C’est ainsi que les sept titres professionnels examinés à l’assemblée le 5 juillet 2018 et transmis à Paris ont été perdus dans les dédales ministériels et ne sont pas reconnus par l’État. Ils demeurent néanmoins des titres locaux parfaitement fonctionnels.
Lors de son examen à la commission du travail et de l’emploi le 15 septembre dernier, les membres ont fait le constat unanime de la longueur des procédures de reconnaissance des titres professionnels.
Ils ont également appris que toute modification des référentiels professionnels en France contraint à opérer la même modification en Polynésie et refaire toute la procédure administrative dans son intégralité.
Concernant les neuf titres en question, entre le moment où les référentiels de ces neufs titres ont été changés en mars 2019 au Répertoire national des certifications professionnelles et le moment où les mêmes titres préparés et modifiés en Polynésie soient reconnus à ce registre, pratiquement deux ans s’écouleront en raison de la lenteur administrative des procédures. Pendant ce laps de temps, ces titres peuvent évoluer au Registre national.
Pour les neuf titres présents, le directeur du CFPA espère qu’ils seront inscrits au Registre national en début d’année 2021. Il a précisé lors de la commission que : « Ces titres ne seront valables que trois ans puisque, dans trois ans, ils seront remodifiés en métropole et il va falloir que l’on refasse la même procédure, et j’en ai 46 comme ça à faire. (…) Donc, la difficulté que je rencontre, c ‘est d’arriver à suivre les 44 titres qui ont été faits au fur et à mesure. »
À l’heure actuelle, beaucoup de titres polynésiens ne sont plus reconnus par ce Registre national, mais cela n’est pas un obstacle à leur inscription en modules de formation du CFPAPour résumer, cette procédure de reconnaissance est une vraie « usine à gaz » dont la mise en œuvre a pour conséquence de compliquer des titres professionnels dont les référentiels le sont déjà suffisamment… Dans ce cas, pourquoi persister à faire compliqué quand on peut faire simple?
Quel intérêt à poursuivre ces demandes de reconnaissance lorsque les demandeurs d’emplois titulaires d’un titre professionnel uniquement polynésien n’ont pas plus de difficultés à l’embauche que ceux détenteurs d’un titre reconnu par l’Etat et qu’ils bénéficient d’un salaire identique ?
Ne vaudrait-il pas mieux créer des titres professionnels locaux adaptés aux particularités de notre pays au lieu de faire du copié-collé de titres conçus et rédigés à 20 000 km de notre pays à partir des besoins hexagonaux spécifiques et pour des centres de formation professionnels métropolitains ?

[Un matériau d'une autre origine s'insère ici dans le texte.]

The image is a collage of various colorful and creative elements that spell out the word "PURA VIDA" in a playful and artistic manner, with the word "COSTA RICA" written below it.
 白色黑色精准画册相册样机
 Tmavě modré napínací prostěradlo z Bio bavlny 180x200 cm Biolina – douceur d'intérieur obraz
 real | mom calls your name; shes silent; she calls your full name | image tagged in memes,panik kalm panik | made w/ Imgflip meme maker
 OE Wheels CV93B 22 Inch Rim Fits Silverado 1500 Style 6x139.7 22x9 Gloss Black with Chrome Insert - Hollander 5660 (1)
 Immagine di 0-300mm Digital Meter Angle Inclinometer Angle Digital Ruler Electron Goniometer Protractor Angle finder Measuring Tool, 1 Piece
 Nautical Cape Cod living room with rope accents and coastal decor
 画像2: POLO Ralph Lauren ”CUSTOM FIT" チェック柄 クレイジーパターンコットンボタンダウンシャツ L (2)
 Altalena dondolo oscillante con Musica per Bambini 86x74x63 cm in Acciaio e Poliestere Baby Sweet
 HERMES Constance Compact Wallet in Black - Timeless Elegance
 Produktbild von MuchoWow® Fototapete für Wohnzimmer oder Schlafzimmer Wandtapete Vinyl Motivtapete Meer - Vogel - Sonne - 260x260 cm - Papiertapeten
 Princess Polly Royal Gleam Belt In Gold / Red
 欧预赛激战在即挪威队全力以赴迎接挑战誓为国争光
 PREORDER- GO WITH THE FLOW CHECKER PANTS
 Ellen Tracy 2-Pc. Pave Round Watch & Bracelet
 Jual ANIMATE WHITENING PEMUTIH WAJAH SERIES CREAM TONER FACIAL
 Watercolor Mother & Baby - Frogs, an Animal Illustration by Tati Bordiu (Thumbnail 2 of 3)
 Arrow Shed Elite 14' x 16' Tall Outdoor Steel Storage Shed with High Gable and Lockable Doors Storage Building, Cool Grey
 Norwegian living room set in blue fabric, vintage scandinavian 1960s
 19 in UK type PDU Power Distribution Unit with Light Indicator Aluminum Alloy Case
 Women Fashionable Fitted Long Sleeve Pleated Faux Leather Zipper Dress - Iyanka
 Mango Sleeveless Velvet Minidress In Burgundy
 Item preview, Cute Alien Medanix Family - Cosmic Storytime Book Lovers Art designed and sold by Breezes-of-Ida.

Le Tavini dénonce ce système de reconnaissance nous obligeant à chaque fois à aller quémander celle-ci auprès de l’Etat.
Nous comprenons que le CFPA est obligé de suivre ces procédures chronophages.
Mais, pour autant, nous allons nous abstenir sur ce dossier afin de ne pas entraver ces demandes de reconnaissance rendues nécessaires dans notre système non-autonome actuel.